Unexplained Allocation

Here is a short code-snippet that confused me. I’d appreciate any explanation of this phenomenon?

using BenchmarkTools
f(A, B) = A, B
g(A, B) = A
A = rand(5)
B = rand(5)
@btime f($A, $B);    #  10.919 ns (1 allocation: 32 bytes)
@btime f(1, 2);      #  0.041 ns (0 allocations: 0 bytes)
@btime g($A, $B);    #  1.967 ns (0 allocations: 0 bytes)

It seems creating a tuple of two vectors requires an allocation? Where does this allocation come from? How can I avoid it?

julia> versioninfo()
Julia Version 1.1.0
Commit 80516ca202* (2019-01-21 21:24 UTC)
Platform Info:
  OS: macOS (x86_64-apple-darwin18.2.0)
  CPU: Intel(R) Core(TM) i7-7820HQ CPU @ 2.90GHz
  WORD_SIZE: 64
  LIBM: libopenlibm
  LLVM: libLLVM-6.0.1 (ORCJIT, skylake)
Environment:
  JULIA_NUM_THREADS = 1
  JULIA_EDITOR = atom

Objects wrapping other heap allocated objects (like a tuple wrapping arrays) need to be heap allocated itself unless the compiler can figure out a way to elide it (which it often can).

It would be good to see code that is more closely related to the application to give further comments how to avoid it etc.

1 Like

Thank you for the explanation. My application is that I’m computing a Jacobi Polynomial basis. Low-is order, say up to 20 or 30 at most. But millions of times. The workaround it easy - I just have to return nothing instead of P, dP and not rely on the being returned. It is just a little inconvenient and a little ugly.

struct Jacobi{T}
   α::T
   β::T
   A::Vector{T}
   B::Vector{T}
   C::Vector{T}
end

function Jacobi(α, β, N, T=Float64)
   # precompute the recursion coefficients
   A = zeros(T, N)
   B = zeros(T, N)
   C = zeros(T, N)
   for n = 2:N
      c1 = big(2*n*(n+α+β)*(2*n+α+β-2))
      c2 = big(2*n+α+β-1)
      A[n] = T( big(2*n+α+β)*big(2*n+α+β-2)*c2 / c1 )
      B[n] = T( big(α^2 - β^2) * c2 / c1 )
      C[n] = T( big(-2*(n+α-1)*(n+β-1)*(2n+α+β)) / c1 )
   end
   return Jacobi(α, β, A, B, C)
end

function eval_grad!(P::AbstractVector, dP::AbstractVector,
                    J::Jacobi, x::Number, N::Integer = length(P)-1)
   α, β = J.α, J.β
   P[1] = 1
   dP[1] = 0
   if N >= 1
      P[2] = (α+1) + 0.5 * (α+β+2) * (x-1)
      dP[2] = 0.5 * (α+β+2)
   end
   for n = 2:N
      c1 = J.A[n] * x + J.B[n]
      c2 = J.C[n]
      P[n+1] = c1 * P[n] + c2 * P[n-1]
      dP[n+1] = J.A[n] * P[n] + c1 * dP[n] + J.C[n] * dP[n-1]
   end
   return P, dP
end

Does it affect the performance of the code?

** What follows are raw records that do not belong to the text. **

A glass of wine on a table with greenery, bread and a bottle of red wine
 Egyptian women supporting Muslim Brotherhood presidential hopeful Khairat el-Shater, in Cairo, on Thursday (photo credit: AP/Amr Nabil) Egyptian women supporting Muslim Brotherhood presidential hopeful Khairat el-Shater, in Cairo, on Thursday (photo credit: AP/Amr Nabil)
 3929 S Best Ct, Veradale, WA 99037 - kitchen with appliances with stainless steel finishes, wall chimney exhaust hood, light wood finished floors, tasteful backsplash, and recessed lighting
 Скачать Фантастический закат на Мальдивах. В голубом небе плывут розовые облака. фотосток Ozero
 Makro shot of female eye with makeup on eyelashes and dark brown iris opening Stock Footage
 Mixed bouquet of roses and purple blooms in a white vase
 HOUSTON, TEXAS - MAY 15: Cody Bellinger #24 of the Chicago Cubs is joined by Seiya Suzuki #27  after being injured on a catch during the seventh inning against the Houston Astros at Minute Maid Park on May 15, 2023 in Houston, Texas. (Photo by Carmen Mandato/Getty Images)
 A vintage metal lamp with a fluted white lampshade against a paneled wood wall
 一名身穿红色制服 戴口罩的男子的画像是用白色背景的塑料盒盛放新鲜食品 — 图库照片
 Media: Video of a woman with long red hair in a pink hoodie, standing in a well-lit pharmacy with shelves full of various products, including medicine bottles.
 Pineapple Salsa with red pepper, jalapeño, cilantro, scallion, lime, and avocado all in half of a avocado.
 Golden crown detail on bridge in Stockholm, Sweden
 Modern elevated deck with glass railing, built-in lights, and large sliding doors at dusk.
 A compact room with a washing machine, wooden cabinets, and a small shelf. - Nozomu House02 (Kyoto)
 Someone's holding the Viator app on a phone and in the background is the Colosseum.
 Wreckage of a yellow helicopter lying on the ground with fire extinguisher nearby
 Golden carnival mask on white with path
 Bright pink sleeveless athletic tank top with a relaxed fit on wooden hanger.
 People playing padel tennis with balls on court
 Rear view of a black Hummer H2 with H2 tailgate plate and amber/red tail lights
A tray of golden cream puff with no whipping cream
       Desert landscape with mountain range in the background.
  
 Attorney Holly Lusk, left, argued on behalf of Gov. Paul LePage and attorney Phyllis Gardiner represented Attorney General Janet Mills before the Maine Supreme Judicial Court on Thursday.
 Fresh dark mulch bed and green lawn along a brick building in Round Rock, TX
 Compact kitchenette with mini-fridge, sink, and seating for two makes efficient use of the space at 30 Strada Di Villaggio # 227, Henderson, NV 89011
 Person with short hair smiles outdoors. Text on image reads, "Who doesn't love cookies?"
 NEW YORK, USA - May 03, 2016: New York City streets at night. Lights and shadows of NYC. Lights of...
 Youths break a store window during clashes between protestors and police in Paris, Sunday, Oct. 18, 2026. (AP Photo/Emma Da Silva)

The 1 allocation? I haven’t actually written the main part of the code yet so it’s too early to tell. I just test and profile the individual components before moving on. I was just struck by this and wanted to understand what is going on.

I guess I know what you meant now, if I call the offending function inside another function multiple times, like so - not using the output, but only the input

function eval_many!(P, dP, J, N)
   for n = 1:1000 
      eval_grad!(P, dP, J, rand(), N)
      # do something with P, dP
   end
end

then the compiler can avoid that one allocation.

1 Like

It also sounds like you would benefit from using MVectors from StaticArrays.jl in place of regular Vectors, since you have a lot of small vectors with known size.

1 Like

I heavily use MVectors and SVectors wherever possible.

What you are seeing here is just a prototype.